## What the task asks
Copy out, from the entries below, each line holding the string "dans".

Content starts

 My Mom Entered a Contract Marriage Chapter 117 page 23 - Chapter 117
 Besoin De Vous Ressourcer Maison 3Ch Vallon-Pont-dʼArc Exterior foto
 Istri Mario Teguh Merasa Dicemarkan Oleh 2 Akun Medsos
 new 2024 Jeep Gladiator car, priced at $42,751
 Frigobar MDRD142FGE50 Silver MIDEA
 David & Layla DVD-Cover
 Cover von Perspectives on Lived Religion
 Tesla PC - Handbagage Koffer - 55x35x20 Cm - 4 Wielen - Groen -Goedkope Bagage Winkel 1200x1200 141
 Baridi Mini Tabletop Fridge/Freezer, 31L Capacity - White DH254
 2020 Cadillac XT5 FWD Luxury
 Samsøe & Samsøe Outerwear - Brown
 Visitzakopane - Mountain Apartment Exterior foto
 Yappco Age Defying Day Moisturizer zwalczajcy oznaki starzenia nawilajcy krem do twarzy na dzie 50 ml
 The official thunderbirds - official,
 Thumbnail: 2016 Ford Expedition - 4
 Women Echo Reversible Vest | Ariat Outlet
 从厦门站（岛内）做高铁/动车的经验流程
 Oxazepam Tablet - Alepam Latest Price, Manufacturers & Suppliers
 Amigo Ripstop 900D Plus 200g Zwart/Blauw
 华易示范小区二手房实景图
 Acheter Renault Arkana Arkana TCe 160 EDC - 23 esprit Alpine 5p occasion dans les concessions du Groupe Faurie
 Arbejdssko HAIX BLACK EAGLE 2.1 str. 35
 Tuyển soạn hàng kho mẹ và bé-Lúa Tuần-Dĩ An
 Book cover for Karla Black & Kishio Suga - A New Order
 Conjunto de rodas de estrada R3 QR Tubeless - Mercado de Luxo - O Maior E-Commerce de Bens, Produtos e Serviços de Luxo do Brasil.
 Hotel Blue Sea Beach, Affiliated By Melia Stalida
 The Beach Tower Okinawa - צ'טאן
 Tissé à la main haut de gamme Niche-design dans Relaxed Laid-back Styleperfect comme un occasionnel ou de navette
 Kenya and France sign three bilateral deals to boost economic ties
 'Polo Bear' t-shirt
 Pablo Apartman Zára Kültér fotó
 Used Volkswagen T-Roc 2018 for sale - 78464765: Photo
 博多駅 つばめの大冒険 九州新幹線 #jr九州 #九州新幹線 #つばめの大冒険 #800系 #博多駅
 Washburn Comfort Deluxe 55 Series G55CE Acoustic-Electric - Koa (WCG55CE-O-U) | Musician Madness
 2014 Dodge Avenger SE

Content ends

## Written solution
 Acheter Renault Arkana Arkana TCe 160 EDC - 23 esprit Alpine 5p occasion dans les concessions du Groupe Faurie
 Tissé à la main haut de gamme Niche-design dans Relaxed Laid-back Styleperfect comme un occasionnel ou de navette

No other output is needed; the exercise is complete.